Background: The growing incidence of photodamaging effects caused by UV radiation (e.g. sunburn, skin cancer) has increased the attention from health authorities which recommend the topical application of sunscreens to prevent these skin damages. The economic stakes for those companies involved in this international market are to develop new UV filters and innovative technologies to provide the most efficient, flexible and robust sunscreen products. Today the development of innovative and competitive sunscreen products is a complex formulation challenge. Indeed, the current sunscreens must protect against skin damages, while also being safe for the skin and being sensory and visually pleasant for the customers when applied on the skin. Organic UV filters, while proposing great advantages, also present the risk to penetrate the stratum corneum and diffuse into underlying structures with unknown consequences; moreover, their photo-stability are noted thorny outcomes in sunscreen development and subsequent performance. In recent years, the evaluation of the interaction between skin and sunscreen in terms of penetration after topical application has been considered from European authority but still its testing as their photo-stability assessment are not mandatory in most countries.
Objective: This study, based on in-vitro approaches, was performed to evaluate and compare the retention and the penetration of organic UV filters in free or encapsulated form inside the skin as well as their respective photo-stability.
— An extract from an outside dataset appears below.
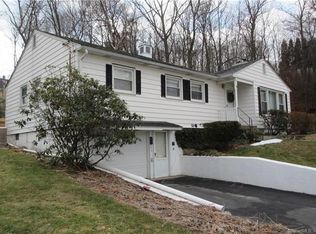 37 Arbutus Bnd, Waterbury, CT 06708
Methods: Sunscreen formulation with a combination of Avobenzone and Octocrylene in "free form" and a formulation using the same UV filters but encapsulated in a sol-gel silica capsule, were analyzed and compared by FTIR Imaging Spectroscopy. Tape stripping method was used to investigate the penetration of these UV filters inside the stratum corneum. Their photo-stabilities were evaluated by spectroscopic measurements (FTIR, UV/Vis) and standard measurements were calculated: AUC (Area Under the Curve) and SPF (Sun Protection Factor).
Result: With traditional formulation, the organic UV filters penetrated significantly into the stratum corneum while the same UV filters combined with encapsulation technology remained on the skin surface. The encapsulation technology also improved significantly their stability.
Conclusion: Encapsulation technology is a promising strategy to improve the efficacy of sunscreen product using organic UV filters and to reduce safety problem. On the other hand, this study highlighted the pertinence of the FTIR Spectroscopy to test, compare and investigate sunscreen formulations.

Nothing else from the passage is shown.